Keywords: Sentiment Analysis; Machine Learning; Beauty Products; Feature Extraction; Social Media.
1- Introduction
Amazon is one of the popular e-commerce platforms that is used to make online purchases. The customers can also provide and review feedbacks regarding any purchase or product available on the website [4]. Although it is very beneficial for consumers and vendors, the increasing number of reviews about a product confuses customers to make the right decision [5]. Therefore, a need arises to analyze these online reviews by classifying them as positive or negative, improving the decision-making process [6]. The customers also tend to express their views in their natural language, so extracting and classifying these language-based reviews using sentiment analysis is necessary.

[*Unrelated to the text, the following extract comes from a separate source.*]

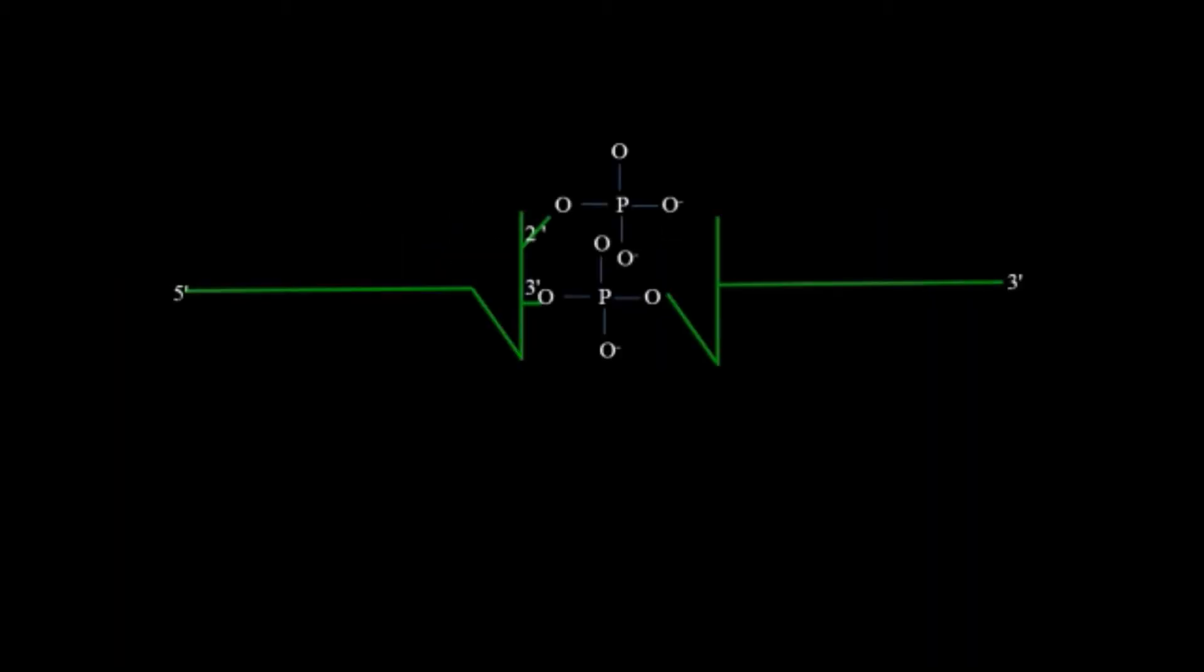After that hydroxyl will be added to the phosphorus on the 3 prime side of the intron and it will remove it out and get ligated. After that it will rearrange and now the exons get ligated. Now we have the matured one.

Sentiment analysis is a branch of Natural Language Processing (NLP) that can address the above-discussed problem [7]. Machine Learning techniques are used in sentiment analysis tasks to classify these reviews as positive, negative, and neutral [8]. These trained classifiers are processed to attain reasonable accuracy and require ascertaining the textual data pertinent to the current potentials [9].
This paper presented an empirical study of sentiment classification of textual data using the Bag-of-Words technique and implemented three machine learning models. In our study, the unstructured data of beauty product reviews are extracted from Amazon. This work involves three steps, i.e., data pre-processing, feature extraction, and sentiment classification. For this, the unstructured reviews are pre-processed in the first step, and the features are extracted using the Bag-of-Words (BoW) model in the next step. A Global Optimization-based Neural Network (GONN) is proposed for the sentimental classification. Then an empirical study is conducted to analyze the performance of the proposed method with other machine learning classification methods, i.e., Naive Bayes, Random Forest, and Support Vector Machine, and K fold cross-validation is performed to evaluate the accuracy of the system. The other parameters such as precision, recall, and F1 score are also evaluated for all the models. It is concluded that the proposed GONN method outperforms all the other classifiers for the classification of the Amazon beauty products dataset and achieves the best accuracy.
The details of this work will be discussed in the following sections. Section 2 describes a review of related work. Section 3 elaborates on the proposed framework and methodology. Section 4 demonstrates the results and performance evaluation from the experimental work. Finally, section 5 summarizes the conclusion and future works.
2- Related Work
The term ‘sentiment analysis’ has attained extensive growth and attention in recent years [10]. The primary purpose of this technique is to understand the human emotions expresses in the form of sentiments on social media. It plays a significant role in various organizations concerning education, health, the stock market, and numerous products and services. The research work done in this direction is discussed in this section.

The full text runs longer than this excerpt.